PROMPT: Scan the entries below and say how many lines contain "Power". Write only the number.

DATA EXCERPTS:
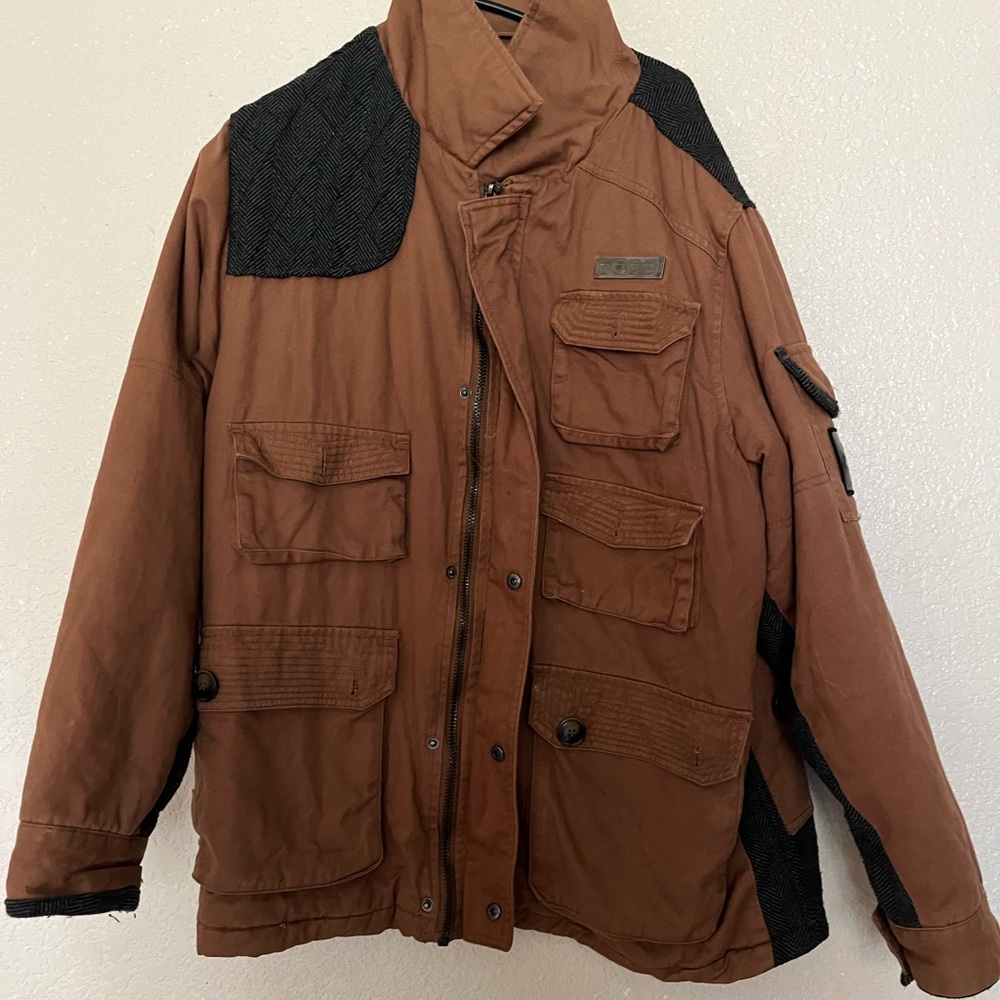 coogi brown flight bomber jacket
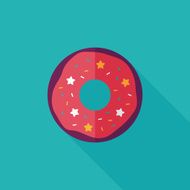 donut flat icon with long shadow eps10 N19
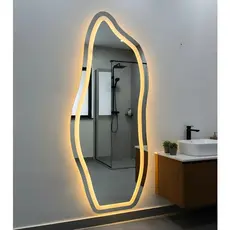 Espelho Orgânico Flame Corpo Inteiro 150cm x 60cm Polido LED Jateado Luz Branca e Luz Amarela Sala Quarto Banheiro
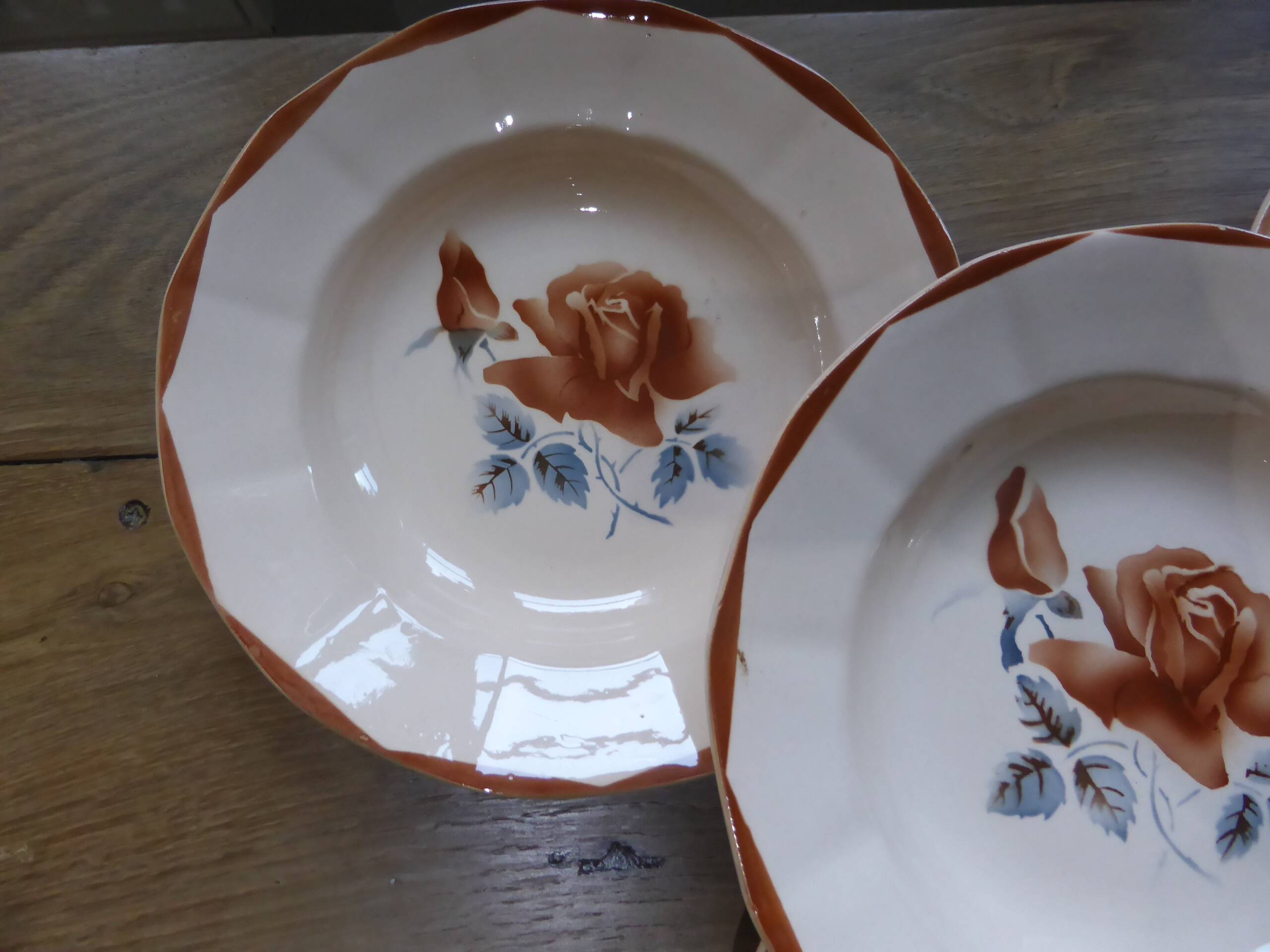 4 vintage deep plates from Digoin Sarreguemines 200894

* * *

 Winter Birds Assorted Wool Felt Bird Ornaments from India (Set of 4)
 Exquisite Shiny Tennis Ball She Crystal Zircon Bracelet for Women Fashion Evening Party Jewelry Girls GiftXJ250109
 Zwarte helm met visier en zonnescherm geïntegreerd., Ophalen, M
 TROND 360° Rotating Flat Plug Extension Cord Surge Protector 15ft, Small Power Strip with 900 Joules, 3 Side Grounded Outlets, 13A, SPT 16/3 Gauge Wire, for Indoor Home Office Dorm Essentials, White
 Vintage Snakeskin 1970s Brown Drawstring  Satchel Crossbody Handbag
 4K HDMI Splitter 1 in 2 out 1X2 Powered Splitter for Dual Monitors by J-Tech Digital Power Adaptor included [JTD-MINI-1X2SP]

OUTPUT: 2